Porque el Atlético no estaba para muchas cosas. Sin el «Kun» la magia la puso Reyes, que gozó de libertad para actuar por detrás de Forlán, que volvió a repetir gol tras un perfecto pase de Fran Mérida, otra de las novedades que alternó aciertos con errores porque los rojiblancos no tuvieron la pelota. Assunçao, Tiago y Elías se estorbaban, no encontraban sus posiciones y el equipo sufría el habitual atasco en el centro del campo. La iniciativa era del Mallorca que a través de De Guzmán, Pereira y Nsúe llegaba al área rival, pero queda dicho que lo hacía sin excesiva fe y cuando la tuvo se topó con De Gea.

Como el Mallorca comenzó mandando y se acercó tres veces con peligro a la portería atlética –en especial una de Víctor– a los seis minutos se oyeron los primeros pitos, porque la gente del Calderón no se acostumbra a que su equipo no mande, no controle el juego y se mueva a impulsos individuales. El gol de cabeza de Valera (min 13) en un córner bien ejecutado por Reyes devolvió la calma al personal que miraba a Elías y no le encontraba, pese a que un disparo suyo obligó a Aouate a desperezarse. Tampoco encontraba a Tiago, perdido en la derecha y sin físico para perseguir al rival cuando hay que recuperar la pelota. Assunçao, con sus limitaciones, era el más apañadito de un Atlético que encontró el segundo tanto en un pase de Mérida a Forlán, que éste resolvió con calidad. Fue de lo poco que hizo el uruguayo al que un sector del público no le pasa ni una.

Para darle cordura al esquema se fue Elías, Juanfran fue a la derecha, Mérida a la izquierda y Reyes se encargaba de tocar, de buscar la jugada y de empecinarse con el gol, lo que logró en el último minuto de partido como premio a su trabajo, a su calidad individual y a su motivación.

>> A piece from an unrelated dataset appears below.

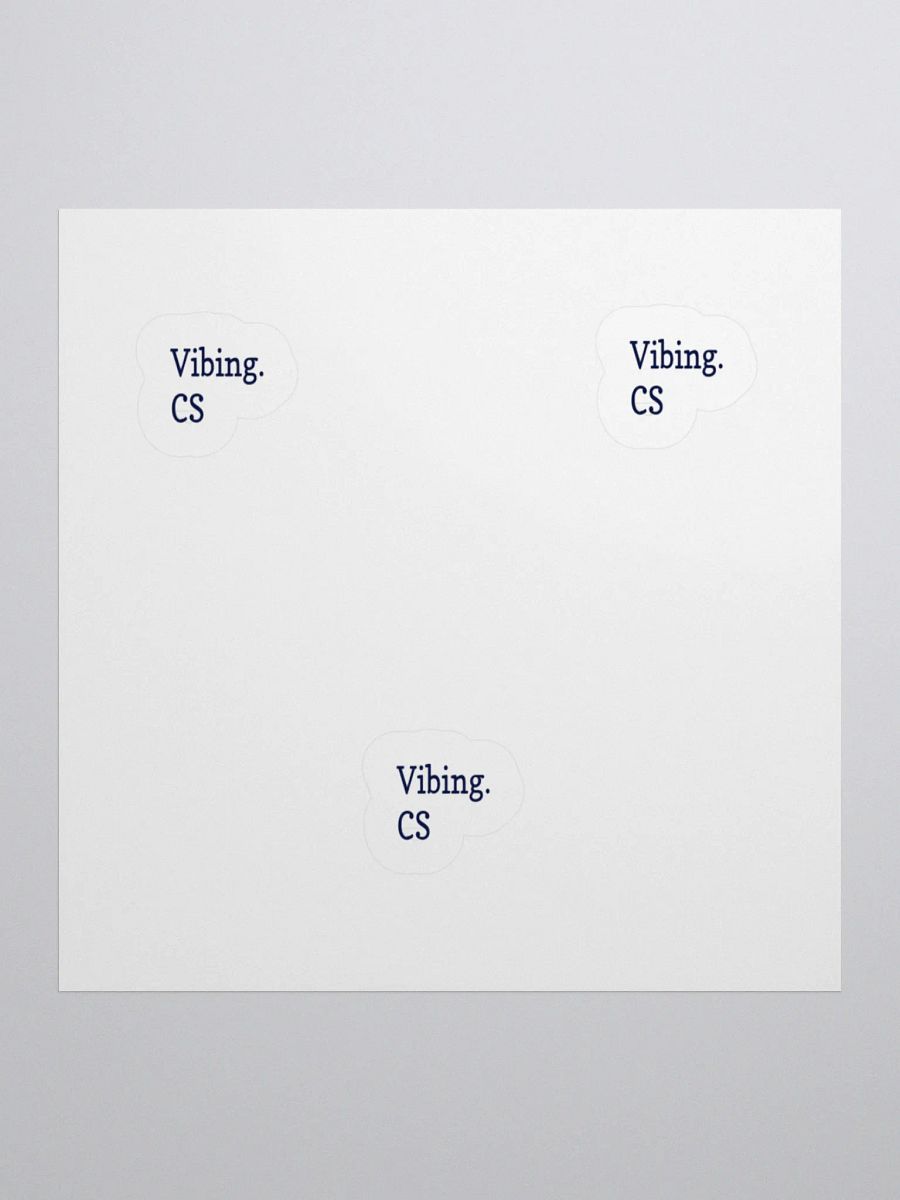 Vibing CS Stickers 3PK product image (1)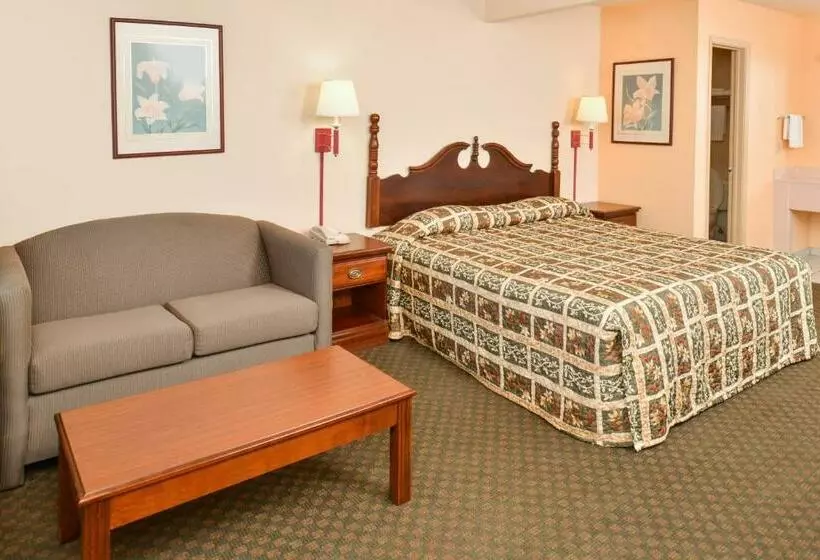 キングサイズベッドのスタンダードルーム, Howards Inn Motel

El Mallorca pudo meterse en el partido si no hubiese fallado el penalti porque el Atlético se quedó con diez y tuvo que entrar Filipe Luis –se fue Forlán, que aún no tiene la forma ideal– para poner el candado delante de De Gea en los últimos veinte minutos. No debía de perder el control y eso es lo que hizo Quique. Controlaba el Atlético y el Mallorca tenía más posesión, pero sus coletazos no tenían premio. Laudrup debió pensar que no era su noche y aunque lo intentó quitando a Rubén y dando entrada a Cavenaghi el gol se le siguió negando. No fue el equipo que empató con el Barcelona y el Madrid el cuadro balear, que anoche tuvo muchas limitaciones.

Las mismas del Atlético, que concluye una primera vuelta irregular, con más sombras que luces en el juego y que el jueves tiene ante el Real Madrid otro toro de más categoría. Sin Agüero y por lo visto en el Calderón, Mourinho puede dormir muy tranquilo.